Write about something you don't know about. Use this as an excuse to research a new topic. As you learn about it, write what you are learning here on LabVIEW Wiki. This is actually a good study aid because it forces you to take notes, to organize information, and to put what you've learned into your own words.

Find something from a public domain resource, update it, add links to it, and put it here (but make sure it really isn't copyrighted—see LabVIEW Wiki:Copyrights). DO NOT SUBMIT COPYRIGHTED WORK WITHOUT PERMISSION!


Note, for a more comprehensive list see Help:Glossary

What is the difference between a page and an article?

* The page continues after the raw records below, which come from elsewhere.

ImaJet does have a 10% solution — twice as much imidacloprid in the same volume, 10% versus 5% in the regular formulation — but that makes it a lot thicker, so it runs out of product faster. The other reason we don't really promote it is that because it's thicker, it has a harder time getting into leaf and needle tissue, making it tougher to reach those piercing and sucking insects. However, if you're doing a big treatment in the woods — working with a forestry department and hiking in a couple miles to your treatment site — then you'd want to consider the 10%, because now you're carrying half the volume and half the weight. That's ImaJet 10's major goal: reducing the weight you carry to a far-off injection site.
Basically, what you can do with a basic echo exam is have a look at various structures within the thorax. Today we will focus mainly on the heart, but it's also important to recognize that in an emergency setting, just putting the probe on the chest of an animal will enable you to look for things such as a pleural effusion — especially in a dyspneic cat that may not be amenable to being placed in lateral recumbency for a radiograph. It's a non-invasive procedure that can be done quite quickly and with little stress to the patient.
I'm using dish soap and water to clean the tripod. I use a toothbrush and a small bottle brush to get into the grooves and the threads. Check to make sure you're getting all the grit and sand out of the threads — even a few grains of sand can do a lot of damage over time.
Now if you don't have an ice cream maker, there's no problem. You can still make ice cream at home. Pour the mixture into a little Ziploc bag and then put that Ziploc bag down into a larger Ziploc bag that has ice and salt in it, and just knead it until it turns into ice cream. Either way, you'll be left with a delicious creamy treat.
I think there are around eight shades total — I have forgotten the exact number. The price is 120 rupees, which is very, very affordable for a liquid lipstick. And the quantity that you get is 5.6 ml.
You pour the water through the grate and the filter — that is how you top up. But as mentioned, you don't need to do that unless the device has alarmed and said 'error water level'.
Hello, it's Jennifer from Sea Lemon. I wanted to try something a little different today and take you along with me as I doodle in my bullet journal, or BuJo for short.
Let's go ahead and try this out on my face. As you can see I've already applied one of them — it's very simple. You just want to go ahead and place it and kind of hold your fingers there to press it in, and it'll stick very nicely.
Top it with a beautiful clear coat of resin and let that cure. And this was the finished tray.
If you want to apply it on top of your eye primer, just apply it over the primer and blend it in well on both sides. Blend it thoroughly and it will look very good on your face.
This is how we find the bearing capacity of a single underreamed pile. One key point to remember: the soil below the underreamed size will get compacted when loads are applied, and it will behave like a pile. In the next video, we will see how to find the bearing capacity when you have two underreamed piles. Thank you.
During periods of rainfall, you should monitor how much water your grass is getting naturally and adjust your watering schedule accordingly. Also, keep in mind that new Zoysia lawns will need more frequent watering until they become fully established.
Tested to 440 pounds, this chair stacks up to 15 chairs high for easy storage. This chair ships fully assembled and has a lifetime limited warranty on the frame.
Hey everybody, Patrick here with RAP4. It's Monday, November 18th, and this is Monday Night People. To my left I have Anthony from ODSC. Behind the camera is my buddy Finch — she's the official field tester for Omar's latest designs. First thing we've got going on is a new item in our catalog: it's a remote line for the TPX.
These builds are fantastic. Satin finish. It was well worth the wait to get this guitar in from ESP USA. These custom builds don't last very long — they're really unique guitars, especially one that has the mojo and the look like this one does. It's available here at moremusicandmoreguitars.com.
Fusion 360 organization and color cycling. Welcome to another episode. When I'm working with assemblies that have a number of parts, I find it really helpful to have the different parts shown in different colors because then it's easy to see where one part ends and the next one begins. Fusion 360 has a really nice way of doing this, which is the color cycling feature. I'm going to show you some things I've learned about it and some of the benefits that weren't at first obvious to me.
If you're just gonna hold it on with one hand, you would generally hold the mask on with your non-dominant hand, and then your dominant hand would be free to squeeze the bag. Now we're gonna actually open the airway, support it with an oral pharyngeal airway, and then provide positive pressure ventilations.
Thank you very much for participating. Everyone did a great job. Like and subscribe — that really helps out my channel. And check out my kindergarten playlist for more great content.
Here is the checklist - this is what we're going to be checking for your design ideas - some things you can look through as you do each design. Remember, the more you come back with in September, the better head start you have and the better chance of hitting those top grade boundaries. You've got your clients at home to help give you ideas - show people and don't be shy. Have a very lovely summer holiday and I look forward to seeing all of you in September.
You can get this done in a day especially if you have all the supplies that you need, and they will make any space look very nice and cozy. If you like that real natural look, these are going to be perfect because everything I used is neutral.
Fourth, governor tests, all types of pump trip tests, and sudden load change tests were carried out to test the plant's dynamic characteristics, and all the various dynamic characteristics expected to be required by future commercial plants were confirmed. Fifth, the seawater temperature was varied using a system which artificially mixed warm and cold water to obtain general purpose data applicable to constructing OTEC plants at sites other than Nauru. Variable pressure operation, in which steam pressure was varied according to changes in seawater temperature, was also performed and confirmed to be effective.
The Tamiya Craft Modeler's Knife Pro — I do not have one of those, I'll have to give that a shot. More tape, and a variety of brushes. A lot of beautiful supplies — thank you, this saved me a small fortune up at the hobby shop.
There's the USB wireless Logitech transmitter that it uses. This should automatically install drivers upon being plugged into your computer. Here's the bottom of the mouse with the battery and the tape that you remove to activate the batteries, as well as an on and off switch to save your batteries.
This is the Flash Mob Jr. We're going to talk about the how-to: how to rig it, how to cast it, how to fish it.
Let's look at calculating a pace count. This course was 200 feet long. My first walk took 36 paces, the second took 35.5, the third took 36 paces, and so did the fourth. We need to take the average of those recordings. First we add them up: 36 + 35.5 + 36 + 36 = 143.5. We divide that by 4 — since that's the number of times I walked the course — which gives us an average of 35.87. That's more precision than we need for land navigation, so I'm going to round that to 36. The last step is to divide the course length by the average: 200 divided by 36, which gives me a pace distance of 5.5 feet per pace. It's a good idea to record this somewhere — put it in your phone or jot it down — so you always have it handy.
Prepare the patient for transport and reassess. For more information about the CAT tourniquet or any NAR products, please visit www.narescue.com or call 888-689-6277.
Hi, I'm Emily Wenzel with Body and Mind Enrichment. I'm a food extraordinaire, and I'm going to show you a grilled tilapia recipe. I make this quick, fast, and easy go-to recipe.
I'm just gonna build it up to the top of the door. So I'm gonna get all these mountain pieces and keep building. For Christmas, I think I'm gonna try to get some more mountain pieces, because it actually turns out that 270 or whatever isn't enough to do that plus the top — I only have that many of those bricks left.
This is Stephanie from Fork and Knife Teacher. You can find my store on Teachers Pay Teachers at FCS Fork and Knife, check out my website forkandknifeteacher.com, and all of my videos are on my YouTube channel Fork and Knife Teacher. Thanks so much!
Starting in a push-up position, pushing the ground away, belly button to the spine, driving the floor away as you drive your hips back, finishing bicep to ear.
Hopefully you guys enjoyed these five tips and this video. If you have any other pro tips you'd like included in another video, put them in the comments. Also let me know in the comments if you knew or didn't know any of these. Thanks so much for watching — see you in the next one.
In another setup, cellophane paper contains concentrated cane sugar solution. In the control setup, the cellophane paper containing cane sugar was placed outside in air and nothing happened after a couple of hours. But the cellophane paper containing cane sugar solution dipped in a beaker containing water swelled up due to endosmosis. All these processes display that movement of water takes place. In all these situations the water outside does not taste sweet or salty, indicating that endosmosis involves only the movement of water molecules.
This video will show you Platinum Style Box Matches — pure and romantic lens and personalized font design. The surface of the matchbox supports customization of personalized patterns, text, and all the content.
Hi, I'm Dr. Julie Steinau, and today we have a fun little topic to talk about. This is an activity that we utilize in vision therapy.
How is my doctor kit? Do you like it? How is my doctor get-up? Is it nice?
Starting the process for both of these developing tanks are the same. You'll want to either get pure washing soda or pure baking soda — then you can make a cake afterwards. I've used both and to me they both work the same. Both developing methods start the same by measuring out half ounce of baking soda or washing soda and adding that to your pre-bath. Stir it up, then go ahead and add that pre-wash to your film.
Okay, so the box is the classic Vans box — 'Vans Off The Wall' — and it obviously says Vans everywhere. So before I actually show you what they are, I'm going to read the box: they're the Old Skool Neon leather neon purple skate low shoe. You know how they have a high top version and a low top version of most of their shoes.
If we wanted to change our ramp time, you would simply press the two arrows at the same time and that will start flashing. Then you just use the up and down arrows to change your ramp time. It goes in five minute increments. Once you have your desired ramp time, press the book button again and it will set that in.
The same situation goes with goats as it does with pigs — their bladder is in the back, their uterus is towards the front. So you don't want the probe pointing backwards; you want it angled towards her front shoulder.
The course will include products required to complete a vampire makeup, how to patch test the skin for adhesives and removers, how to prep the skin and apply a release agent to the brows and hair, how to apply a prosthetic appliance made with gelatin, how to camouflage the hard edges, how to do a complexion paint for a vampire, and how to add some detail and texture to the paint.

Everything on LabVIEW Wiki is a page. This includes the home page, templates, talk pages, special pages, user preferences, files, articles, et cetera. There are currently 13,058 pages on LabVIEW Wiki. Articles on the other hand, are a subset of pages that make up the LabVIEW Wiki content. For example LabVIEW, LabVIEW Versions, Events, VI Scripting, et cetera. There are currently 5,557 articles on LabVIEW Wiki. Go to Special:Statistics for statistics on LabVIEW Wiki pages and articles.

What is an orphan?

An orphan is an article that no other article links to. These can still be found by searching the LabVIEW Wiki, but it is preferable to find another article where a link can be added. You can find a list of orphan articles here.

What is a stub?

A stub on is a very short article, generally of one paragraph or less. Most people dislike stubs, even though they are probably a necessary evil. Many excellent articles started out as short stubs. Likewise, our hope is that existing stubs will be expanded into proper articles. For general knowledge regarding stubs, please refer to LabVIEW Wiki:Stub.

What is disambiguation?

Disambiguation in LabVIEW Wiki is the process of resolving conflicts in article titles that occur when a single term can be associated with more than one topic. In many cases, this same word or phrase is the natural title of more than one article. In other words, disambiguations are paths leading to different topic pages that share essentially the same term in their title. See LabVIEW Wiki:Disambiguation

There are two different methods of disambiguation:

  • disambiguation links — at the top of an article, a note that links the reader to articles with similar titles or concepts that the reader may seek instead of the current article.
  • disambiguation pages — non-article pages that contain no content and refer users only to other LabVIEW Wiki pages.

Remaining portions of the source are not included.